NASCAR accused of racial discrimination in $500M lawsuit

A Georgia man has filed a $500 million race discrimination lawsuit against NASCAR and its race teams, claiming his attempts to make NASCAR more racially diverse were rebuffed by the sanctioning body.

Terrance Cox III, who operated Diversity Motorsports Racing and who founded a group to protest what it views as injustices of NASCAR by sponsors and team owners toward the minority community, filed the lawsuit Friday in U.S. District Court in New York.

Cox claims that NASCAR, racetrack operator International Speedway Corp. and its race teams have not made any efforts to have corporate sponsors support an African-American team. That lack of corporate sponsors is an "almost insurmountable obstacle to the integration of NASCAR," according to the lawsuit.

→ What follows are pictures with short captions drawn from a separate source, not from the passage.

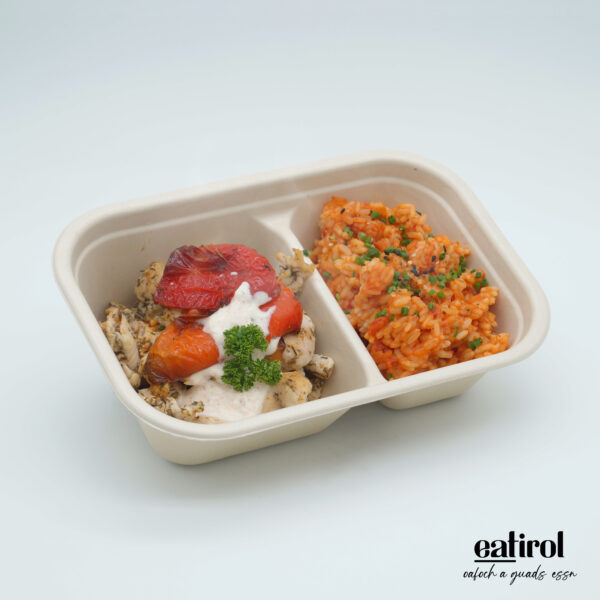 Puten Gyros mit Tomatenreis und gegrillter Paprika dazu Joghurt Dip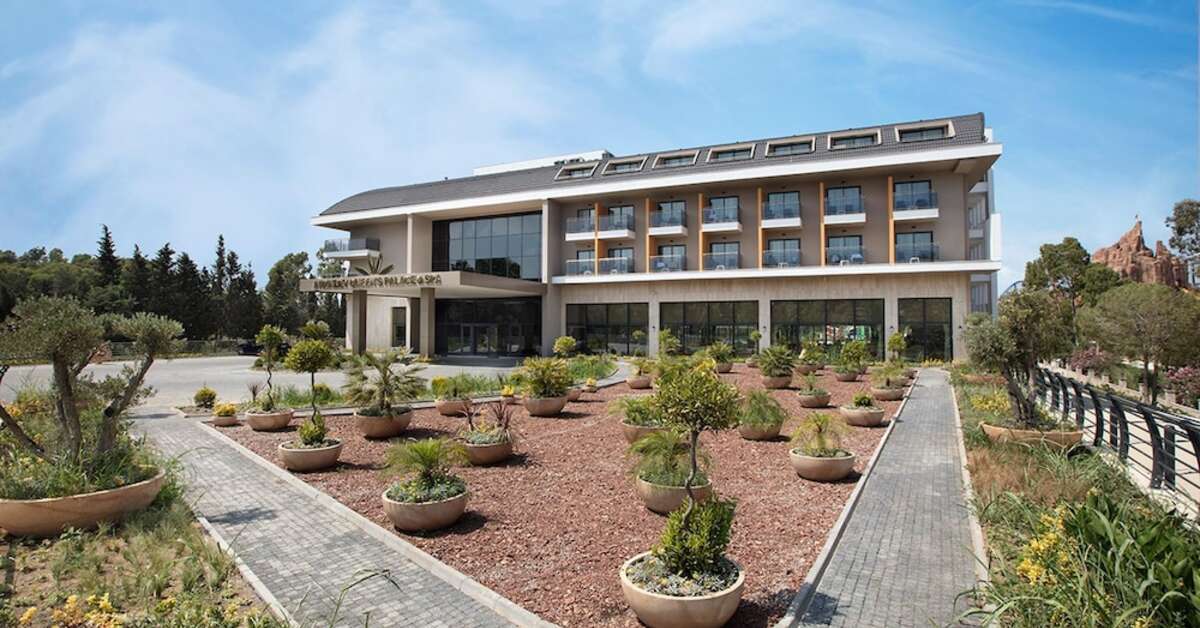 Een foto van de buitenkant van Aydinbey Queen's Palace & Spa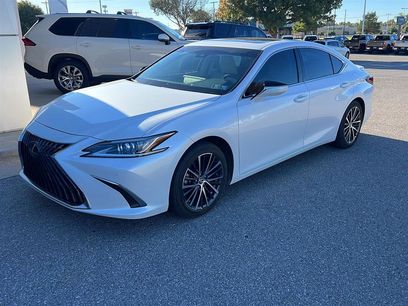 Used 2024 Lexus ES 300h w/ Premium Package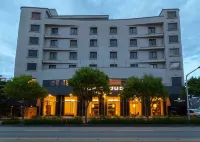 Top Cloud Hotel Iksan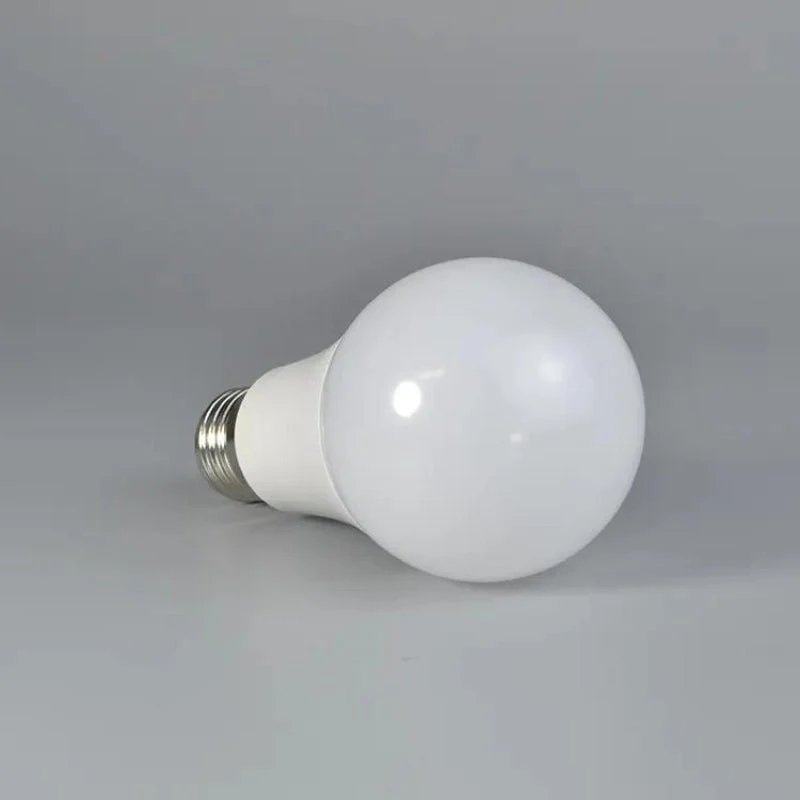 Ampoule LED E27 A60 8.5W RGBW avec Télécommande Silumen
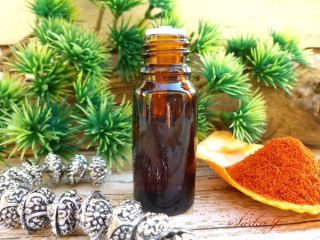 Santalové dřevo Amyris Balsamifera Bark oil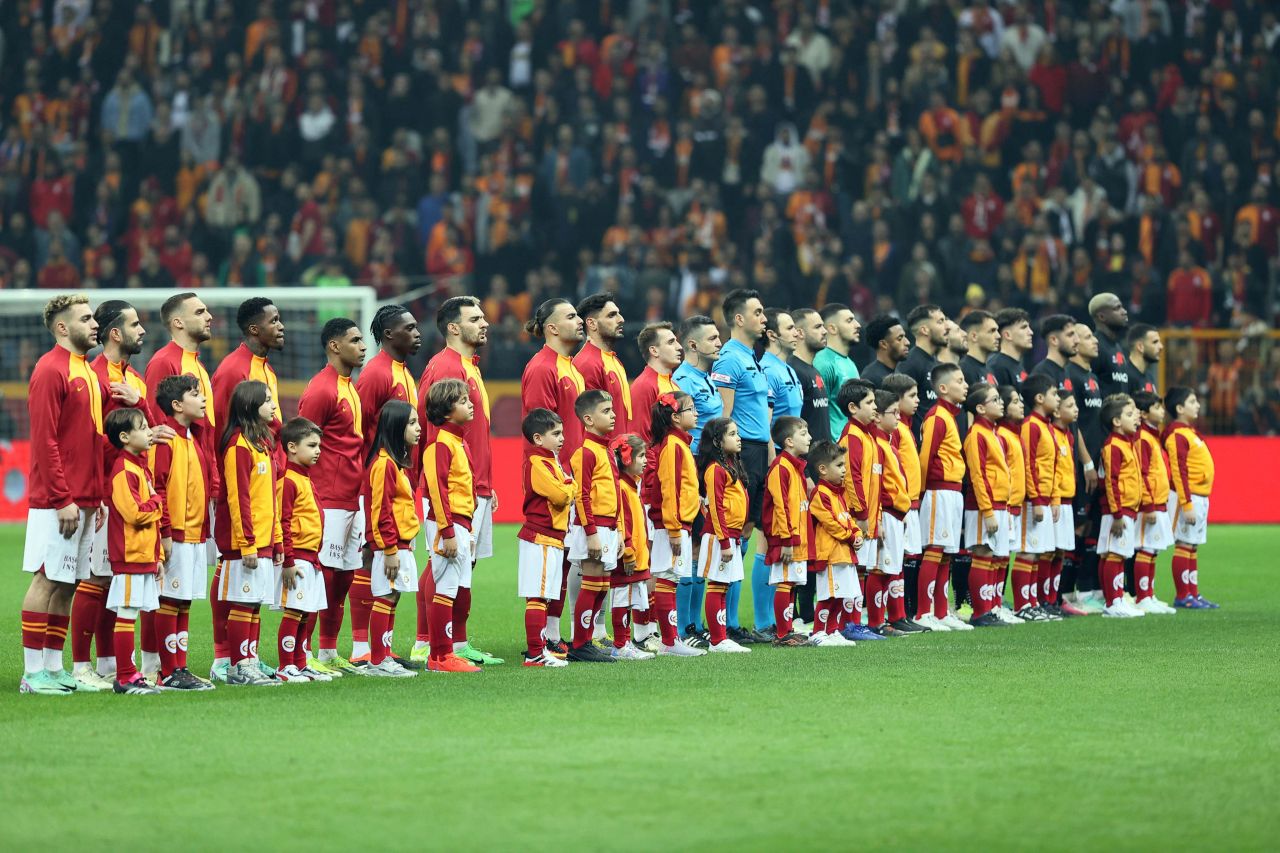 Wilfried Zaha hakkında maç sonu inanılmaz sözler! Yerden yere vurdu: "Ruhsuz, tamamen kendine oynayan, koşmayan adam kovalamayan, ikili mücadeleye bile girmeyen bir adam! Galatasaray’a asla katkı sağlayamaz” 3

According to the complaint, Cox's potential sponsors were encouraged by NASCAR to not work with him but instead associate themselves with Dale Earnhardt Jr. and Tony Stewart. It also refused to promote various programs Cox created to help make NASCAR more diverse, the lawsuit stated, and that his efforts to work with the NASCAR Drive for Diversity program were ignored.

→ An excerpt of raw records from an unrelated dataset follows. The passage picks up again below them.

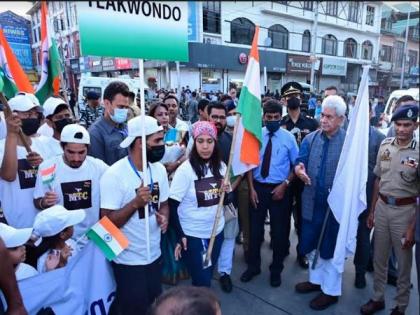 J-K Lt Governor flags off 'The Great India Run' in Srinagar | J-K Lt Governor flags off 'The Great India Run' in Srinagar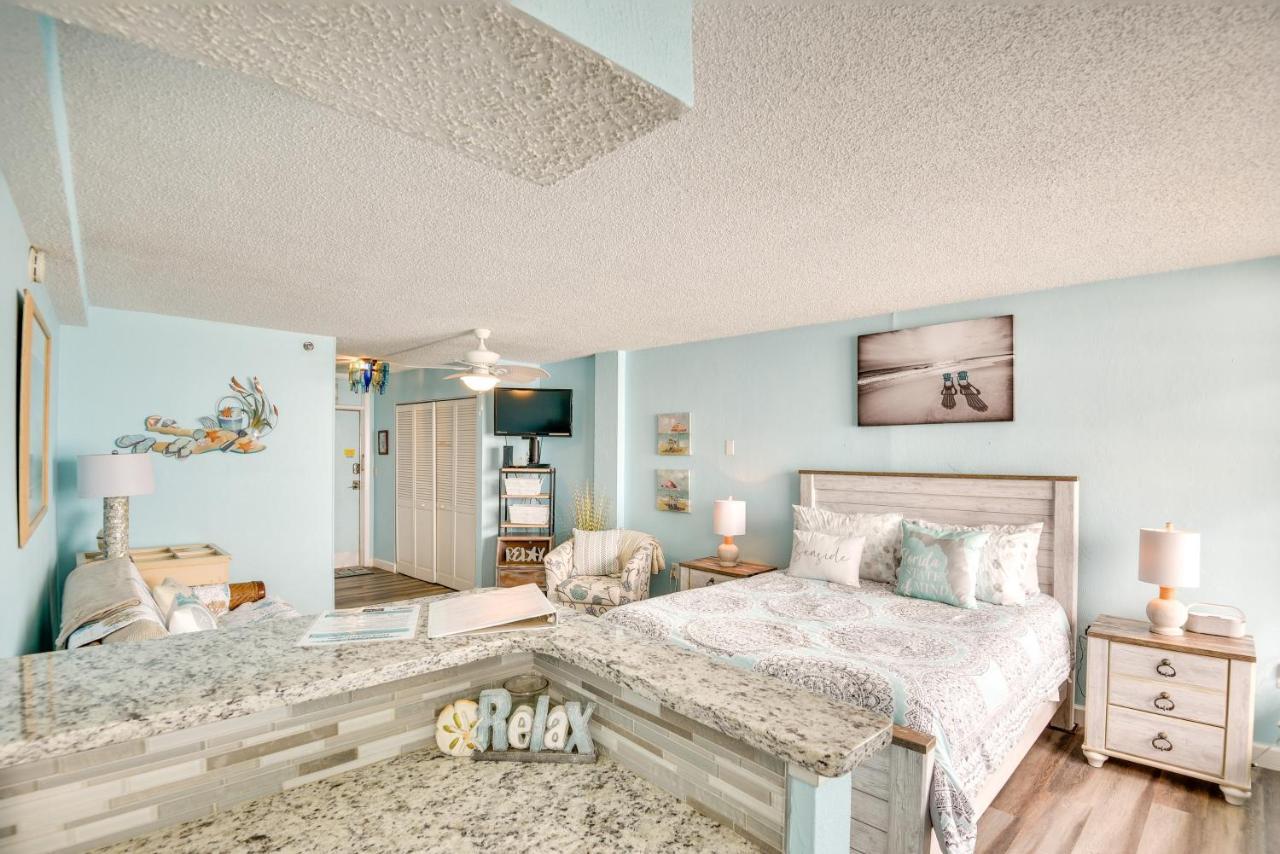 Updated Daytona Beach Oceanfront Studio! Kültér fotó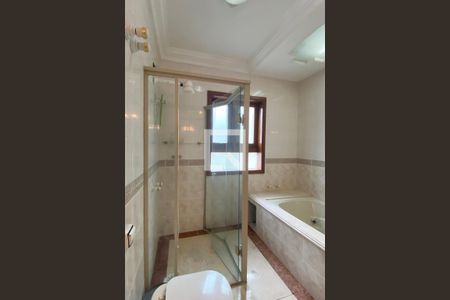 Casa de condomínio para alugar com 954m², 4 quartos e 8 vagasBanheiro da Suíte 4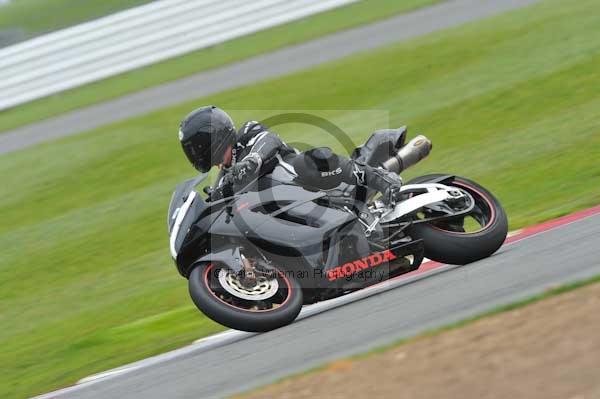 Motorcycle action photographs;Silverstone circuit;Silverstone photographs;Trackday digital images;event digital images;eventdigitalimages;no limits trackday;peter wileman photography;rockingham towcester northamptonshire;trackday;trackday photos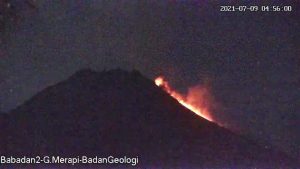 Meletus, Gunung Merapi Luncurkan Awan Panas Guguran Hingga 1,1 km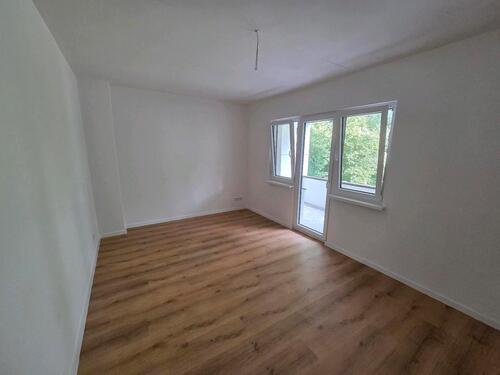 Foto - Schöne 3-Zimmerwohnung 70 qm mit Balkon kernsaniert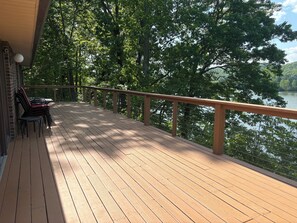 Terrace/patio - Breathtaking Lake View w/Pool Nearby!- Knoxville/Oak Ridge (Knoxville)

In one allegation, Cox said that he talked with media personality Steve Harvey about creating "Steve Harvey Races 4 Education" and NASCAR ruined the potential deal by telling Harvey it would not sanction any race team associated with Cox.

Cox claims that NASCAR and its teams have "engaged in unlawful intentional racial discrimination by refusing to sanction African-American owned racing teams ... and by refusing to hire African-American drivers for its racing teams."

In a statement, NASCAR defended its Drive for Diversity program -- which has been in place since 2004 -- and said it will fight the lawsuit.

"NASCAR embraces all individuals interested and involved in our sport, whether as partners, fans, competitors or employees, and there is no merit to this lawsuit," the statement said. "NASCAR has a long-standing history of investing in diversity efforts including the NASCAR Drive for Diversity, NASCAR Diversity Internship and NASCAR Diversity Pit Crew Development programs. ... We stand behind our actions, and will not let a publicity-seeking legal action deter us from our mission.

"NASCAR not only will defend our organization against these meritless allegations, but we will be asserting our own claims against Mr. Cox for his defamatory actions."

Cox also is founder of the Minority Youth Matters Movement, whose website lists its mission as to "enlighten the American public, the corporate sponsors, NASCAR teams, and owners on the disproportion of sponsorship dollars dedicated to minority NASCAR teams, employment, educational programs and opportunities to race in all series." It has issued news releases about possible protests at NASCAR events and tweets often alleging racism in NASCAR.

"We established these [diversity] programs to create opportunities for women and minorities, and embrace people of all backgrounds, within the industry," NASCAR said in its statement. "Diversity both on and off the track continues to be a top priority for NASCAR and its stakeholders."

NASCAR has one full-time African-American driver in its three national series -- Roush Fenway Racing driver Darrell Wallace Jr., who competes in the Xfinity Series. Its national series team ownership includes JTG Daugherty Racing co-owner Brad Daugherty (an ESPN basketball analyst) and Xfinity Series team owner Victor Obaika.